O filme se estrutura a partir de dois eixos temáticos: o presente e o passado. Na primeira parte, de aproximadamente quinze minutos, vemos um documentário sobre os horrores, dramas e conseqüências da Segunda Guerra Mundial. As imagens são fortes, os danos, causados pela bomba atômica lançada sobre Hiroshima no dia 06 de agosto de 1945, são assustadores; uma voz em off narra e comenta as imagens. Em seguida, na segunda parte, tem-se o casal de amantes usufruindo de seus corpos e divagando sobre os horrores da guerra. Na primeira parte do filme, Resnais a estrutura de forma documental, vemos um documentário, o que gera um efeito de estranhamento. No momento da transição da parte documental para a ficcional, há algumas imagens do casal com seus corpos nus em cenas amorosas; a partir deste ponto, começa a narrativa ficcional.

Outro ponto interessante de “Hiroshima, Mon Amour” concerne a sua estreita relação com a literatura. A escritora Marguerite Duras escreveu o roteiro tendo como base os aspectos do Nouveau Roman. Resnais conseguiu passar para a narrativa fílmica todos esses elementos, o que gerou um diálogo entre a linguagem literária e a linguagem cinematográfica, sem, contudo, descaracterizar a segunda. Ao relacionar ambas as linguagens, Resnais destaca os elementos da linguagem cinematográfica, que se organiza com a preponderância de um discurso imagético. O eixo de significação sai do eixo da ação para o eixo da imagem.
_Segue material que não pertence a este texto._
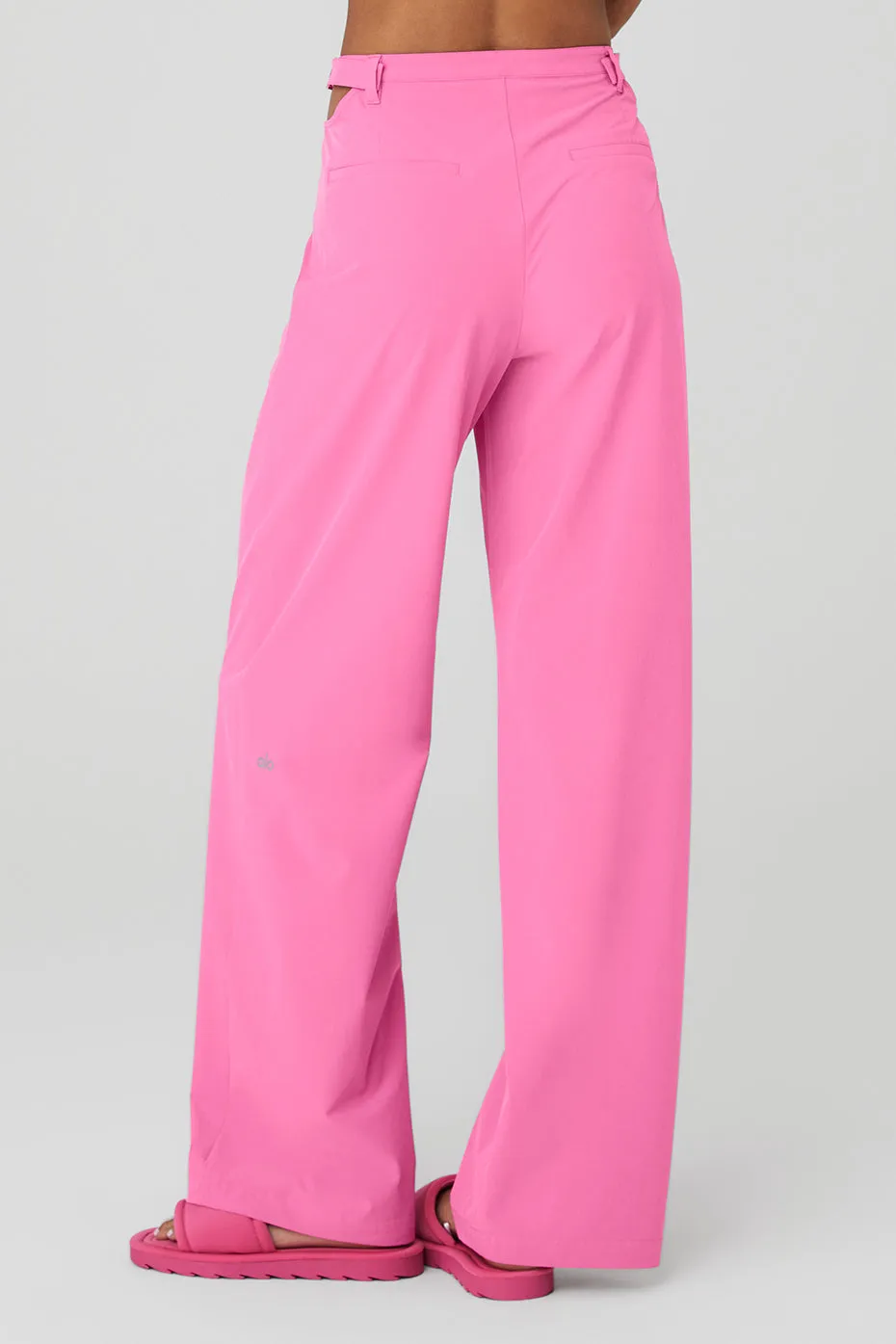 Mid-Rise Showdown Trouser - Paradise Pink sold by Alo Yoga product image thumbnail 2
Resnais estrutura o filme a partir de dois eixos temáticos: o presente e o passado. As ações do presente desencadeiam lembranças colocadas nas profundezas da psique. Ao se relacionar com o arquiteto japonês, a atriz francesa se recorda da relação amorosa que tivera com um soldado alemão durante a ocupação nazista à França. Após o término da guerra, são mostradas toda a sua desgraça e a sua humilhação recebida, já que as mulheres francesas, que se relacionaram com os soldados alemães, foram espancadas em praça pública, além de terem os seus cabelos raspados, o que a obrigou permanecer em um porão até que crescessem novamente. O interessante é que o presente nunca se apresenta como possibilidade real. Ele desencadeia reminiscências de um tempo pretérito que, ao ser reconstruído, mesmo que involuntariamente; traz à tona traumas. As personagens tentam esconder os traumas, colocando “areias da ampulheta” sobre eles.

Alain Resnais, em “Hiroshima, Mon Amour”, deu uma dimensão interessante ao Cinema, uma dimensão que privilegia o discurso imagético, devido ao tratamento à imagem cinematográfica e ao tempo. Ele se utiliza de dois gêneros cinematográficos: o documental e o ficcional. No filme, podemos ver a obsessão de Resnais no que tange ao tempo. Ele faz um tratado sobre o chronos, de modo que há dois grupos temporais: o tempo coletivo e o tempo individual que se estruturam e, às vezes, se entrelaçam, segundo os eixos do passado e do presente. Nota-se ainda uma estreita relação com a durée do filósofo Henri Bergson (1859-1941), já que cada tempo possui a sua unidade e a sua duração, além de seu significado próprio. Não há a busca pelo tempo perdido, porque ele sempre volta.